The problem PCA solves

High-dimensional data is hard to work with — it is slow to train on, hard to visualize, and often noisy. Many features in a real dataset measure overlapping things. A survey with 50 questions about political views likely has far fewer than 50 truly independent dimensions — the questions cluster into a handful of underlying themes.

Principal Component Analysis (PCA) finds the directions in which the data varies the most and projects the data onto those directions, producing a compact representation that retains as much information as possible.

The core idea: directions of maximum variance

Variance is information. A feature that barely changes across examples tells you almost nothing to distinguish them. PCA finds the directions — called principal components — along which the data spreads the most, and uses those as the new coordinate axes.

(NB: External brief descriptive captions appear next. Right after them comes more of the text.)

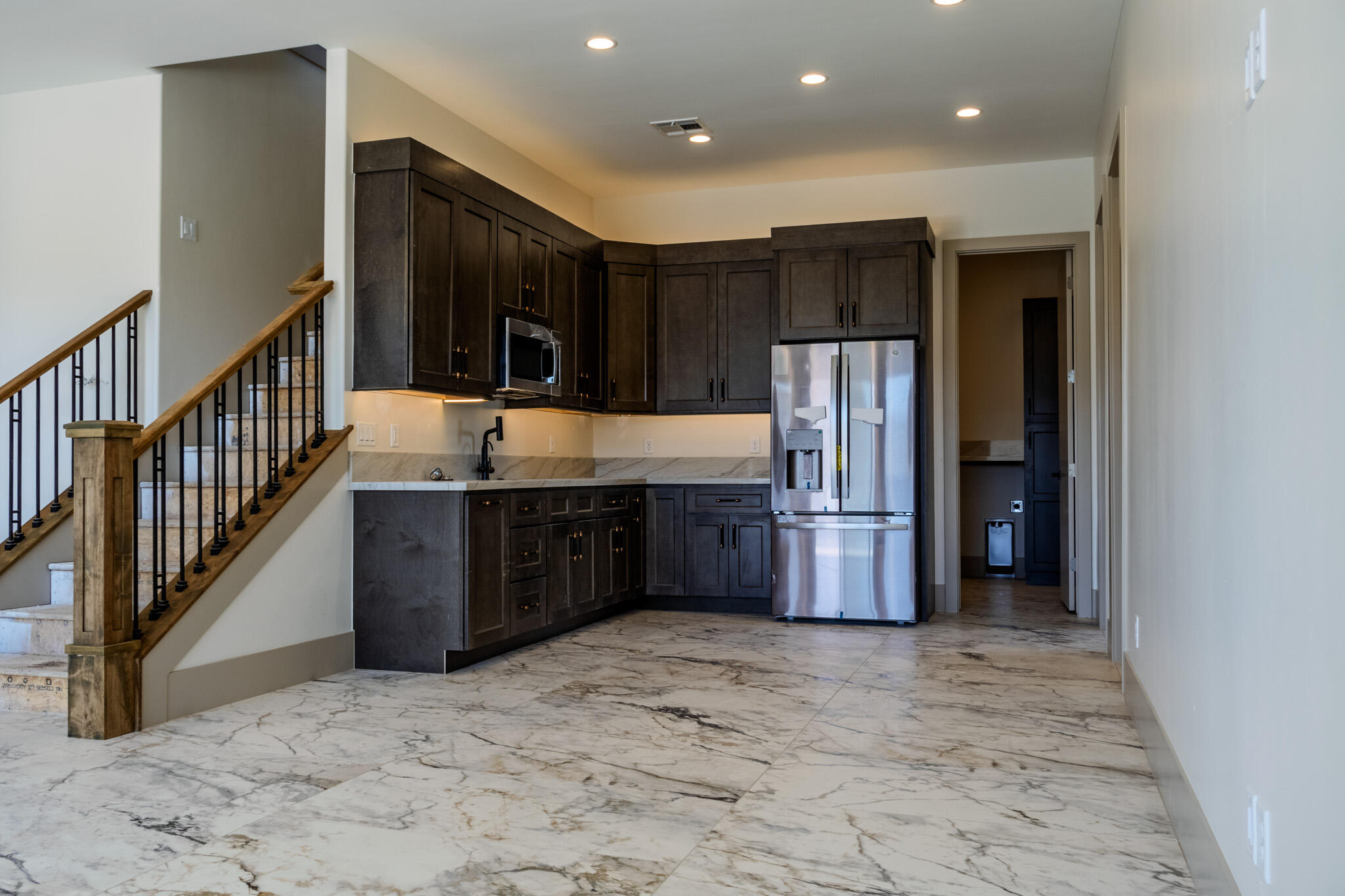 MOUNTAIN VIEW ESTATES - Residential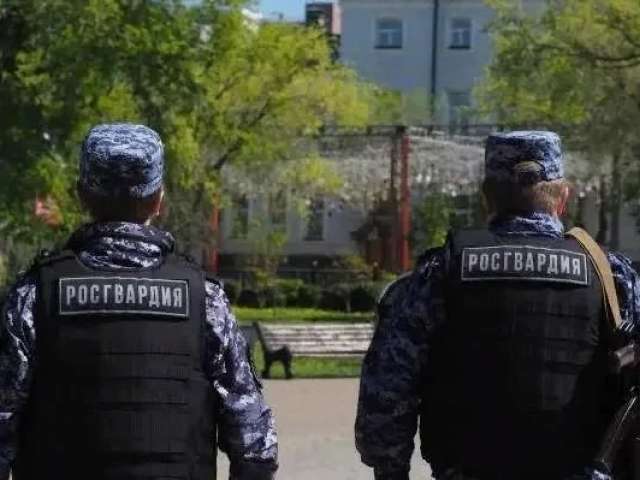  Массовая драка у торгового центра в Оренбурге: Росгвардия задержала зачинщиков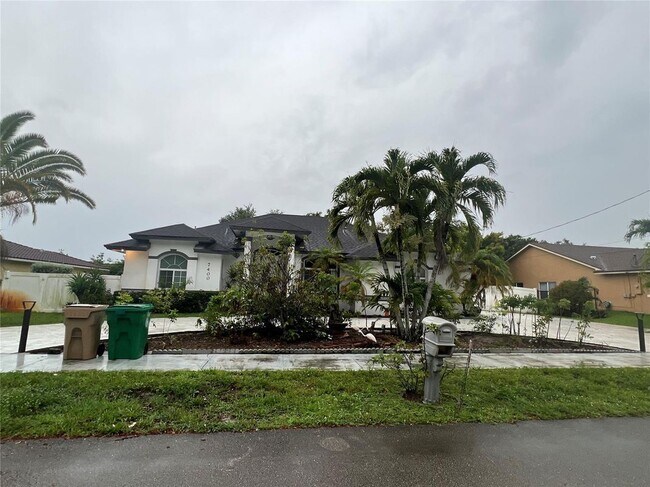 7400 SW 37 Ct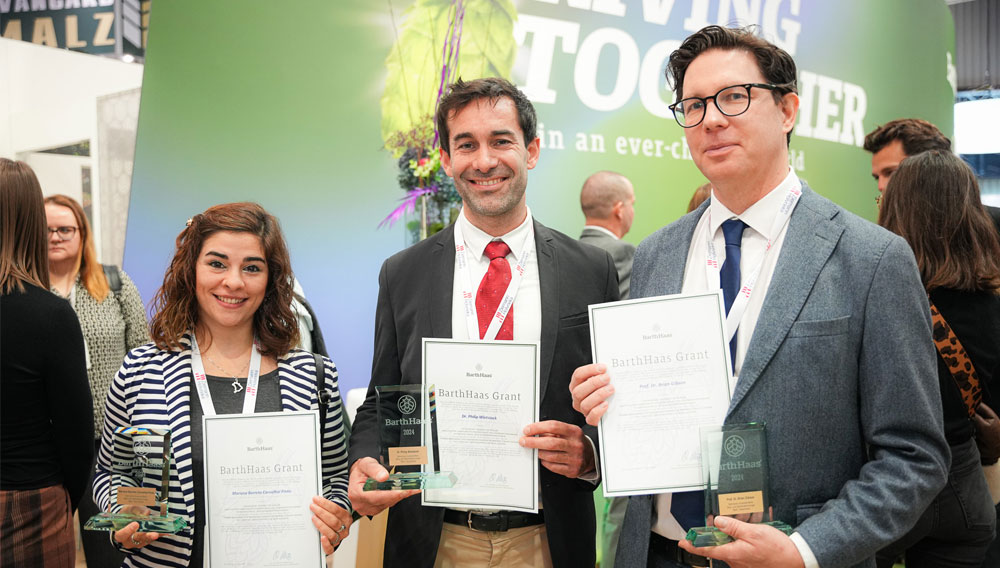 Dr. Mariana Carvalhal, Dr. Philip Wietstock und Prof. Brian Gibson nach der Preisverleihung auf der BrauBeviale (Foto: BarthHaas) Dr. Mariana Carvalhal, Dr. Philip Wietstock und Prof. Brian Gibson nach der Preisverleihung auf der BrauBeviale (Foto: BarthHaas)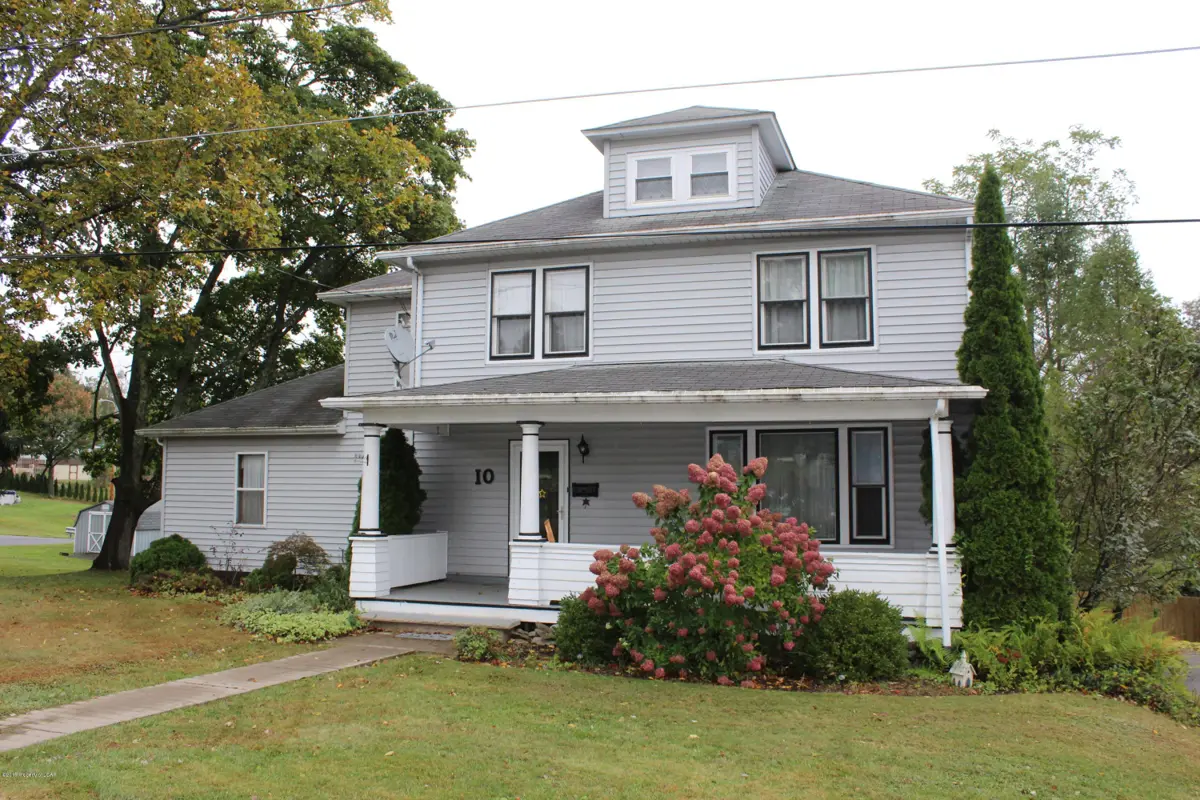 10 Oaklawn Avenue, Mountain Top in Mountain Top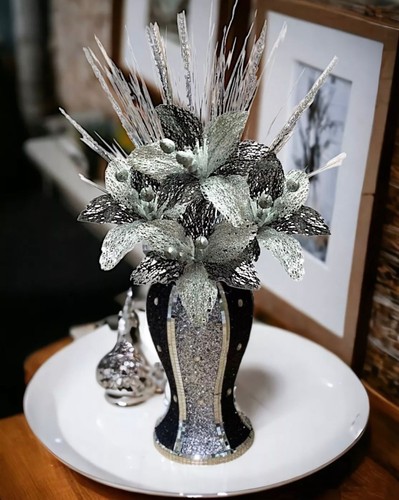 Crushed diamond vase with - crushed,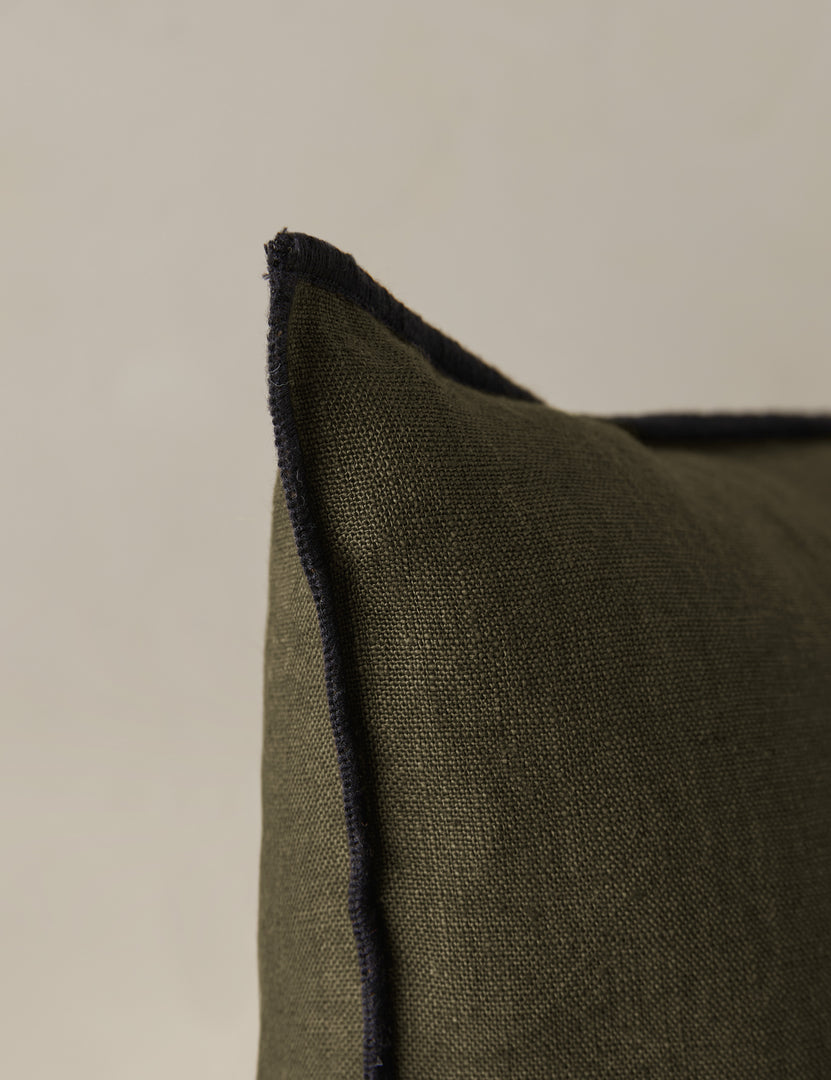 #color::olive-and-black #style::square #style::lumbar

The first principal component (PC1) is the direction of maximum variance. The second (PC2) is the direction of maximum remaining variance that is perpendicular to PC1. Each subsequent component is perpendicular to all previous ones and captures the most remaining variance.

The procedure

Center the data. Subtract the mean of each feature. PCA requires zero-mean data.
Standardize (usually). Divide by the standard deviation of each feature so no feature dominates due to scale.
Compute the covariance matrix $\Sigma = \frac{1}{m} X^T X$ .
Find the eigenvectors and eigenvalues of $\Sigma$ . Sort by eigenvalue, largest first.
Choose the top $k$ eigenvectors as the new axes.
Project the data onto those axes: $Z = XW$ , where $W$ contains the top $k$ eigenvectors as columns.

In practice, PCA is computed via Singular Value Decomposition (SVD) directly on the data matrix rather than explicitly forming the covariance matrix — it is numerically more stable and efficient.

What you get

After PCA, each training example is represented by $k$ numbers (its scores along each principal component) instead of the original $n$ features. The new features are:

Uncorrelated — the principal components are orthogonal by construction.
Ordered by variance — PC1 explains more variance than PC2, which explains more than PC3, and so on.
Linear combinations of the original features — each component is a weighted sum of the original variables.

A simple example

Imagine data points scattered in 2D where height and weight are both measured. These two features are strongly correlated — taller people tend to weigh more. PCA would find that most variance lies along a diagonal axis (a blend of height and weight, roughly "overall body size"), with little variance perpendicular to it. Projecting onto just that one axis captures most of the information in both original features.

What PCA does not do

PCA is unsupervised — it ignores labels. It finds directions of maximum variance, not directions that are most predictive of the target. The most variable directions and the most predictive directions can be completely different. If the signal you care about lies in a low-variance dimension, PCA will discard it.